Avis sur Différences : Anthropologie du handicap, de Alain Cabero
Le handicap pose souvent la question de son rapport au bizarre et à la normalité. Nous savons que le bec de lièvre ou le nez tordu étaient considérés comme étant un handicap. Pourtant si ces caractéristiques stigmatisaient l’individu, elles n’altéraient en rien ses capacités tant physiques que psychiques. C’est surtout l’image renvoyée qui posait problème. La notion de problème est à comprendre comme étant le rapport à soi : cela peut-il m’arriver ? Et si oui, pourquoi ? Qu’ai-je fais ? Pourquoi moi ? Ce même questionnement se retrouve pour tout type d’handicap.
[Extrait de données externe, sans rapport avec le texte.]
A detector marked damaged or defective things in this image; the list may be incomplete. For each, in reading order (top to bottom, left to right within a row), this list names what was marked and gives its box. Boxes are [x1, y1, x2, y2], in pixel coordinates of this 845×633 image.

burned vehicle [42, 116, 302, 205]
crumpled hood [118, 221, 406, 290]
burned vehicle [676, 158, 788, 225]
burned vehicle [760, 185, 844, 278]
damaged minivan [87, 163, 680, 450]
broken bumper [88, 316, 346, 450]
C’est un peu comme si le handicap renvoyait au domaine du supra normal et même du divin. Punition, châtiment divin ? Reconnaissance divine ?

Prenons l’exemple de la surdité. Dans l’Égypte et la Perse antique, les sourds étaient considérés comme des « favoris des dieux », des « êtres privilégiés du ciel ». Une forme de culte leur été même voué. C’est tout le contraire de la pensée occidentale, surtout au moyen âge, où l’on voyait en la personne sourde, des « êtres privés d’âme », des « esprits qui ne pouvaient être doués de raison » et on alla même jusqu’à leur contester leur appartenance à l’humain. Si les mentalités ont changé, se pose toujours la question du rapport de le handicap à la normalité, à la différence.
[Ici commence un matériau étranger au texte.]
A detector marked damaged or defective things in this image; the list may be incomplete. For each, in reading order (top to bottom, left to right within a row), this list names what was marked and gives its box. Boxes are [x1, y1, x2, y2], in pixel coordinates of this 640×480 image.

Etre différent est-ce être anormal ? Si l’on considère à nouveau l’exemple de la surdité, ce qui va marquer la différence entre une personne sourde et une personne entendante, c’est à première vue, le petit appareil situé sur l’oreille. Stigmatisée par ce contour auditif il ne fait plus aucun doute que nous avons face à nous une personne sourde. Alors en quoi ce stigmate intervient dans la notion de normalité ? prenons le témoignage de Jérôme qui est aujourd’hui âgé de 18 ans et qui se rappelle sa scolarité en primaire : « j’aurais préféré ne pas être appareillé parce qu’avant je me considérais normal, il n’y avait pas de différences, j’arrivais à suivre … être normal c’est parler avec tout le monde … j’étais plus ouvert que maintenant … quand j’ai eu mes appareils tout a changé, il y a eu des moqueries, les autres enfants disaient « regarde le c’est un mongol » … lorsque je posais mes appareils les autres disaient : « c’est dégueulasse ! » … j’étais différent parce que j’étais le seul à avoir çà … alors je me suis dis eux c’est normal ils sont habitués à entendre ils ne comprenaient pas pourquoi j’avais çà, ils préféraient se moquer plutôt que de comprendre pourquoi j’avais çà … longtemps on m’a trouvé bizarre ». Ce témoignage, saisissant, pose bien le rapport normal/anormal lié au fait de porter des prothèses auditives. Ce stigmate infligé aux sourds dés leur plus jeune âge sans jamais leur demander leur avis. Pourquoi ? Vouloir tant vouloir appareiller les sourds ?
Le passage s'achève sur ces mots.